Ce n’étaient pas seulement Grédel, Fridoline et Christian qui montaient à la chambre, c’était aussi le docteur Eselskopf, qui venait faire sa visite.

« Il dort, » dit la vieille à voix basse.

Eselskopf, inclinant la tête, posa son tricorne sur la table et sa canne dans un coin ; s’approchant du lit, il leva doucement la couverture et prit le pouls du malade. Tout le monde le regardait ; il semblait tout étonné, et, se retournant au bout d’une minute :

« Qu’avez-vous donné à monsieur Dick ? fit-il ?

— De l’eau et de l’oseille, répondit la mère Grédel.

— Rien que de l’eau et de l’oseille ?

— Oui, monsieur le docteur. »

Il reprit le pouls et réfléchit.

« C’est vraiment étrange, je le disais bien, l’eau est encore trop nourrissante ; Ce fait mérite d’être consigné dans les Annales médicales du Hundsrück. »

Et les lèvres serrées, le front soucieux, tout à coup il sortit, oubliant son tricorne.
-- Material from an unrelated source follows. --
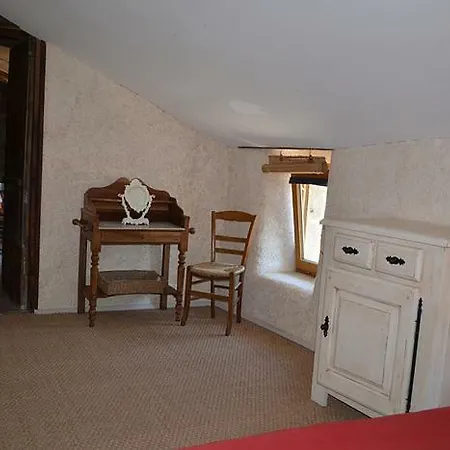 Le Lys De La Vallee Labastide-sur-Bésorgues
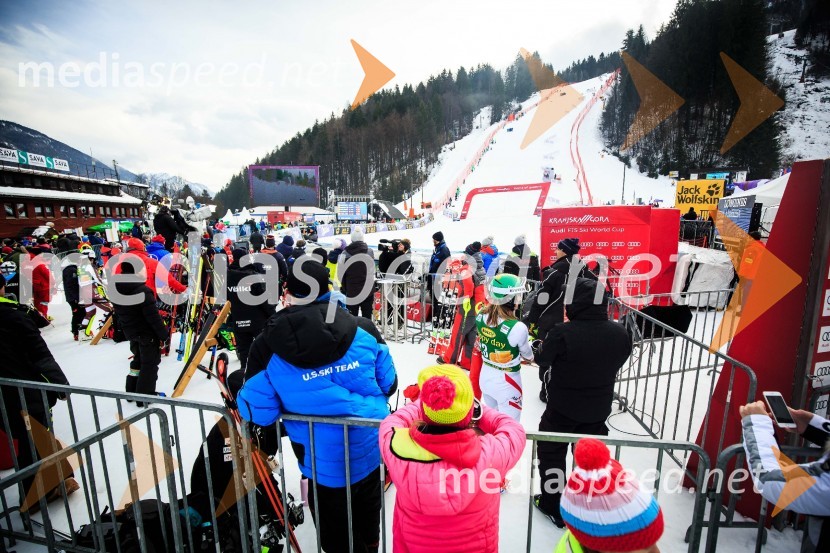 54. Zlata lisica, slalom54. Zlata lisica, slalom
Christian courut après lui :

« Hé ! monsieur Eselskopf, vous oubliez votre canne et votre chapeau. Que faudra-t-il faire aujourd’hui ? vous n’avez pas tracé d’ordonnance.

— Ah ! vous réduirez les épinards de moitié et vous ne donnerez pas tant d’eau ; l’eau est délicieuse, excellente, mais il ne faut pas en abuser.

— C’est tout ?

—Oui, je repasserai demain ; il faut que je réfléchisse. »

Eselskopf s’en alla.

Tous les assistants étaient inquiets, surtout la vieille Rasimus, qui ne pouvait se défendre d’admirer la pénétration du docteur.

« Il en sait pourtant plus que je ne croyais, » se disait-elle.

Malgré cela, comme maître Sébaldus n’éprouvait aucun inconvénient de la chose, et Grédel s’étant installée dans la chambre, la bonne vieille se mit en devoir d’aller chercher de l’eau du Sonneberg, selon sa promesse.


VI


Trievel Rasimus n’était pas sortie depuis un quart d’heure, que maître Sébaldus, grâce à la bonne eau qu’il avait bue, dormait profondément. Jusqu’à huit heures du soir, le brave homme ne fit que rêver de vendanges, de combats de coqs, de fêtes, de noces et de festins. Tantôt il se voyait en face d’un magnifique pâté à la croûte brune, qui répandait une odeur délicieuse, et dont il creusait les flancs avec jubilation. Tantôt, debout sur le char des vendanges, entre les grandes tonnes cerclées de fer, et couronné de pampres, il levait sa large coupe pleine d’un vin écumeux, et célébrait la gloire du dieu Soleil ; le père Johannes, à côté de lui, comme un vieux faune attaché à la famille, faisait danser dans ses mains la petite Fridoline ; et Christian, derrière le char, sa toque sur l’oreille, et les joues gonflées, tirait des airs amoureux d’une longue trompe d’écorce. Puis tout à coup il se retrouvait dans l’antique cour des Trabans, au milieu des cages d’osier ; son coq, le Petit-Vigneron, venait de remporter une grande victoire sur l’Amiral-Hollandais du bourgmestre Omacht, et l’air retentissait de mille cris d’enthousiasme.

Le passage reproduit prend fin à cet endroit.